Premier Jean Charest argued recently in the National Assembly that his government owed it to the families of the victims of the Montreal massacre to lead the fight to maintain the gun registry. And while Mr. Dutil reiterated on Wednesday that he will pursue the battle, Quebec understands all too well that the national gun registry was on the way out. The only issue that mattered now was to protect the data on Quebec gun owners so that the province could use it to set-up its own registry.
However his federal counterpart Vic Toews has turned a deaf ear to Quebec’s plea to safeguard the data. During the Commons committee hearings this week Mr. Toews reiterated his government’s decision to destroy all records on long guns in the registry.
“The data is the registry,” Mr. Toews said in defending his government’s commitment to scrap the records.
On issues relating to crime and justice, Quebec has locked horns with the right-wing conservative ideology adopted by the Harper government. In fact it will be the second time this month that a Quebec minister was taking the unusual step of appearing before a Commons committee in Ottawa to convince the Conservative government to amend a bill.
Justice Minister Jean-Marc Fournier appeared before a Commons committee two weeks ago in a bid to convince the Harper government to amend provisions of the omnibus crime bill that included tougher treatment of young offenders.
On both files, the Quebec government is spot on, on the side of both science and reason.
With respect to the "data" on the gun registry, both federal and provincial governments contributed to the collection, sorting and storage of the data, the same data that the Quebec government now wants to serve as the base for its own gun registry.

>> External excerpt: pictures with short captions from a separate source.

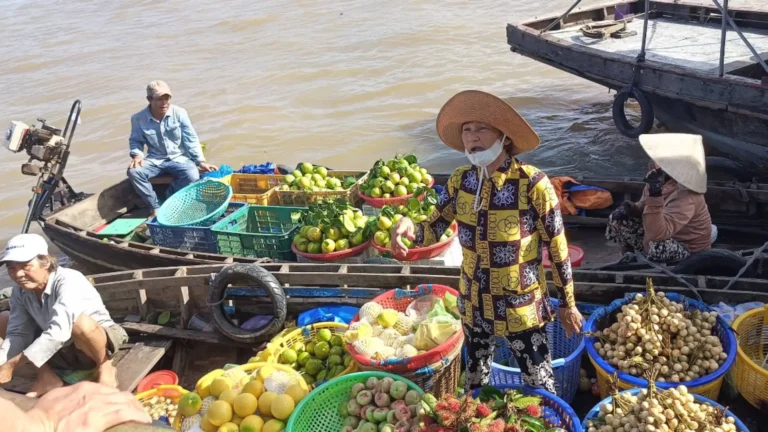 Fruit vendors selling produce from boats at Cai Rang Floating Market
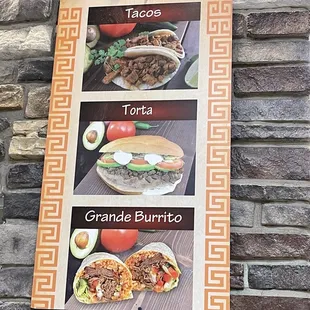 a menu on a stone wall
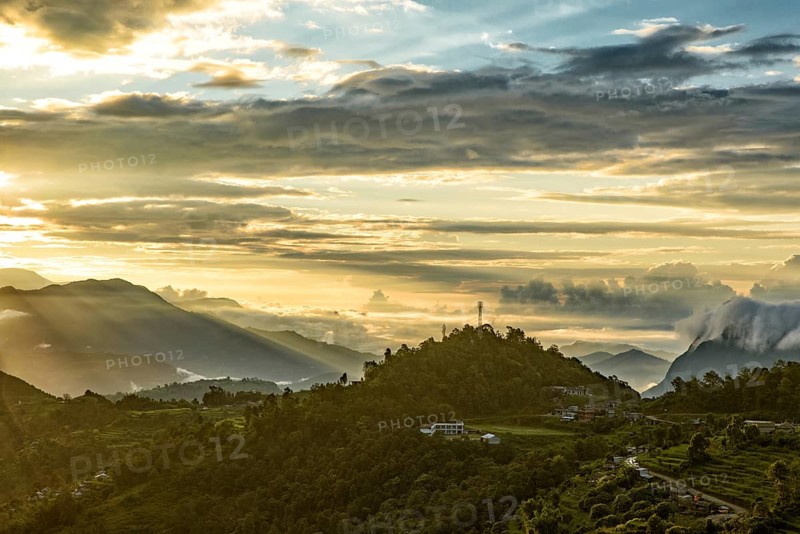Mountains under the light of sunrise through clouds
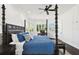 Bedroom featuring a dark wood four-poster bed, ceiling fan, and a desk with chair at 134 Chesapeake Ave, Tampa, FL 33606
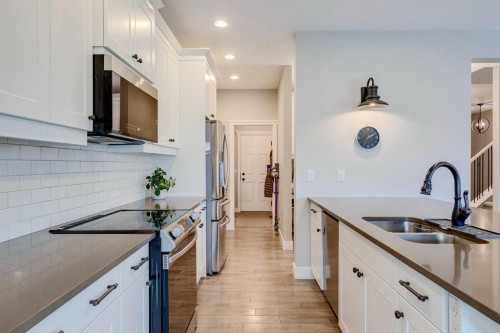 75 Masters Rise Se, Calgary, AB - Indoor Photo Showing Kitchen With Double Sink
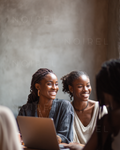 Groups & Families NRL219: two smiling women using a tablet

And there is no question that the federal government owes the Quebec people and government the courtesy to provide them that data, as well as any other province seeking to establish its own gun registry. It is the shrill cry of the red-necks in Canada, the Canadian equivalent to the frontier red-necks in the U.S., that is prompting the federal government to scrap the registry. They are playing to their political base, in what Jeffrey Simpson has dubbed, "it's politics-all-the-time" with this government.
On the submission by the Quebec Justice Minister, once again the data on crime reduction supports his petition that in lengthening prison terms, and increasing sentences, the federal government is playing politics and also playing sycophant to its political base, in presenting a "tough-on-crime" bill to the House of Commons.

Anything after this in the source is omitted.